Problem to solve => For this exercise, write out the whole listing below exactly, omitting its images.

Source data =>
::::::

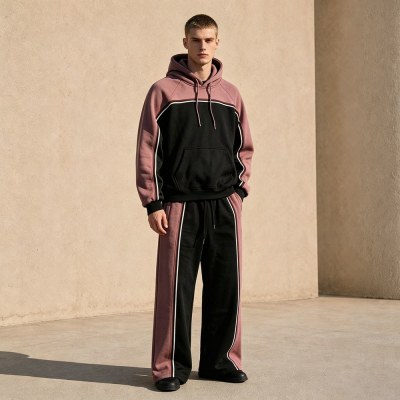Custom Pink Black Colorblock Fleece Tracksuit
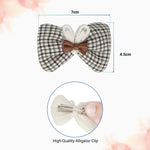 Load image into Gallery viewer, Radhu &amp; Kabby Layered Bow Hair Clips for Girls &amp; Women | Set of 3 Bows in Neutral Shades for Party &amp; Daily Wear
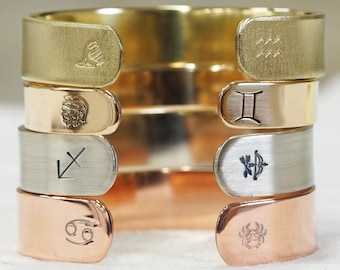 Zodiac Cuff Bracelet in REAL Sterling Silver, Bronze, Copper, Brass, Bronze, Nickel, NuGold, or Aluminum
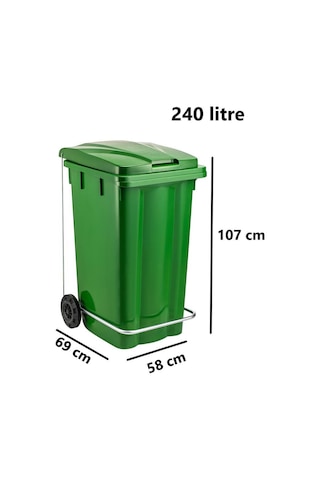 Omnipazar Sy-6512 Pedallı Tekerlekli Kapaklı Çöp Konteyneri 240 Lt Yeşil Yeşil
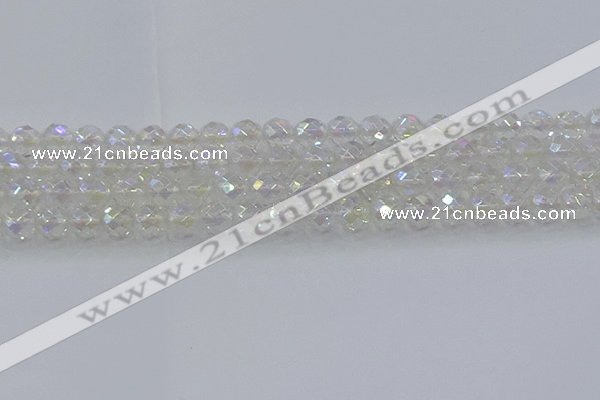 CNC610 15.5 inches 10mm faceted round plated natural white crystal beads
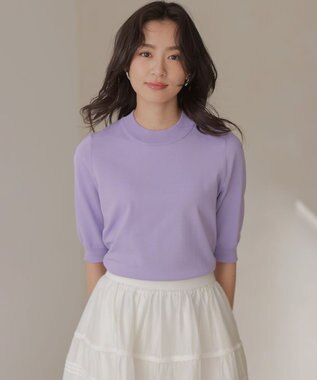 組曲 S マイラックカラー 6分袖 ニット ウィステリア系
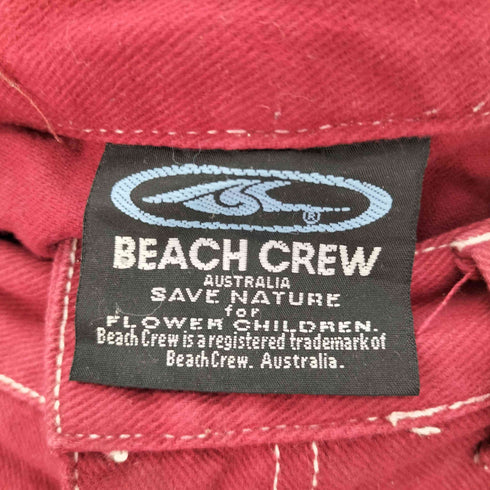 BEACH CREW SAVE NATURE ロゴ ワッペン クロップド パンツ メンズ L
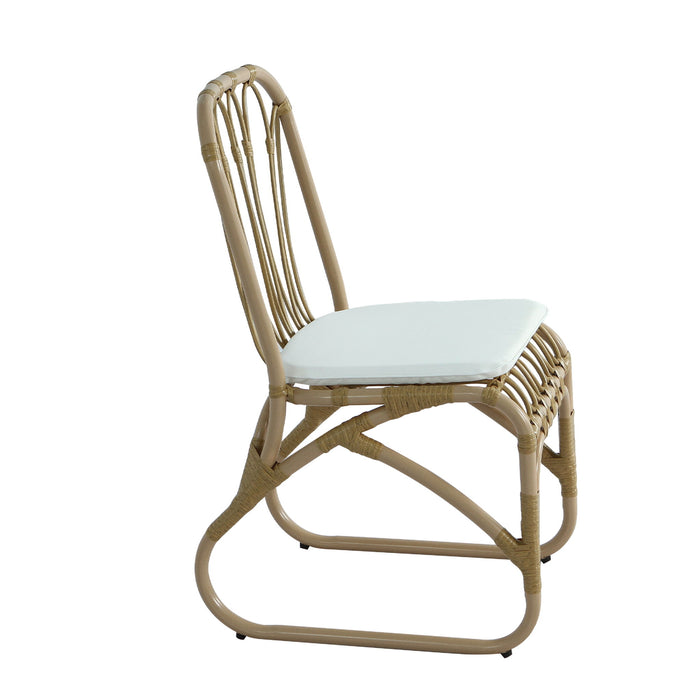 Outdoor Wicker Dining Chairs With Washable Cushion (Set of 2)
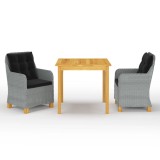 Set de masa pentru gradina, 3 piese, gri deschis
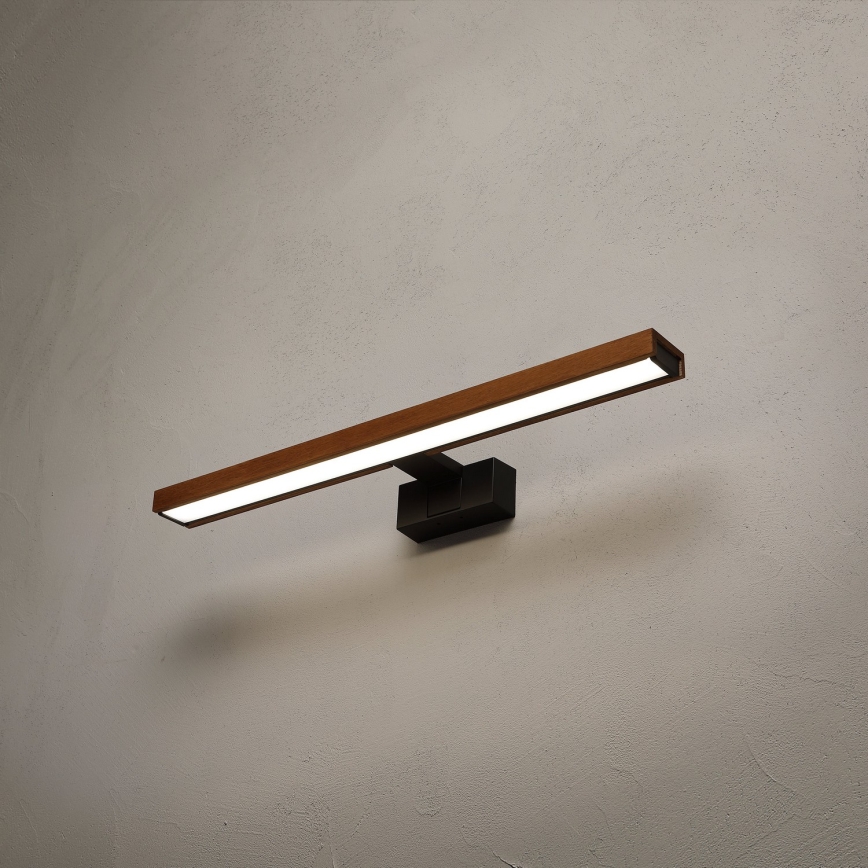 BRILAGI - LED vannas istabas spoguļa apgaismojums 3 vienā WOODY MIRROR LED/12W/230V 60 cm IP44 melna/ozols ķirsis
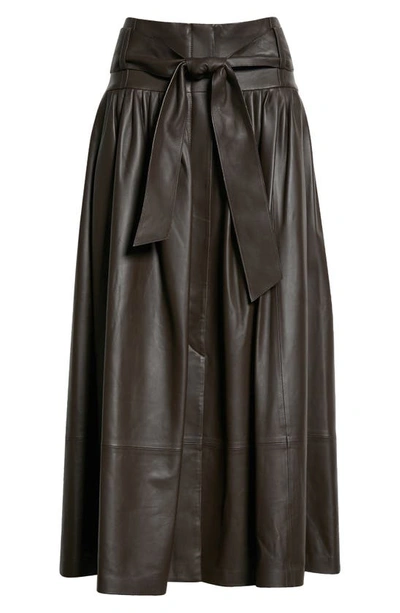 Shop Vince Belted Leather Skirt In Black Truffle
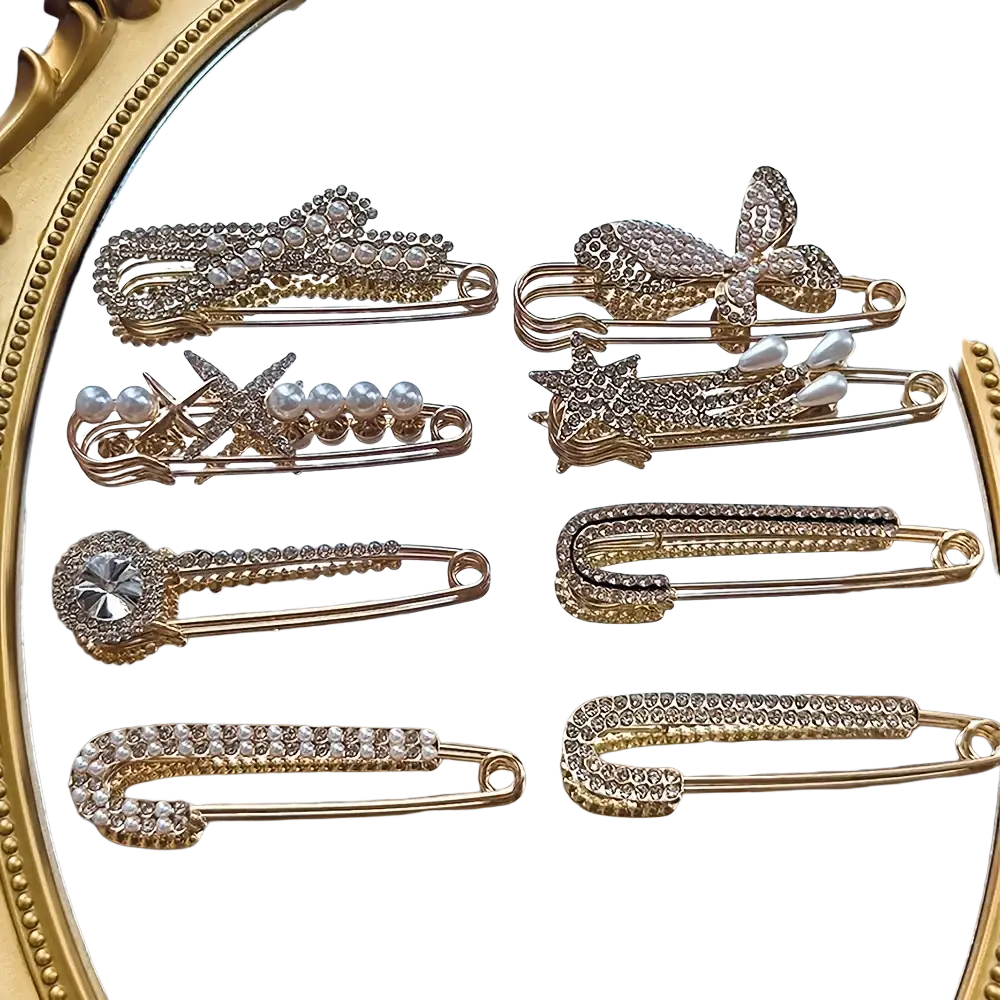 Gold-toned rhinestone brooch pin set for women featuring safety pin scarf clips with pearls bows stars and crystals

::::::

Result =>
Custom Pink Black Colorblock Fleece Tracksuit
 Load image into Gallery viewer, Radhu &amp; Kabby Layered Bow Hair Clips for Girls &amp; Women | Set of 3 Bows in Neutral Shades for Party &amp; Daily Wear
 Zodiac Cuff Bracelet in REAL Sterling Silver, Bronze, Copper, Brass, Bronze, Nickel, NuGold, or Aluminum
 Omnipazar Sy-6512 Pedallı Tekerlekli Kapaklı Çöp Konteyneri 240 Lt Yeşil Yeşil
 CNC610 15.5 inches 10mm faceted round plated natural white crystal beads
 組曲 S マイラックカラー 6分袖 ニット ウィステリア系
 BEACH CREW SAVE NATURE ロゴ ワッペン クロップド パンツ メンズ L
 Outdoor Wicker Dining Chairs With Washable Cushion (Set of 2)
 Set de masa pentru gradina, 3 piese, gri deschis
 BRILAGI - LED vannas istabas spoguļa apgaismojums 3 vienā WOODY MIRROR LED/12W/230V 60 cm IP44 melna/ozols ķirsis
 Shop Vince Belted Leather Skirt In Black Truffle
 Gold-toned rhinestone brooch pin set for women featuring safety pin scarf clips with pearls bows stars and crystals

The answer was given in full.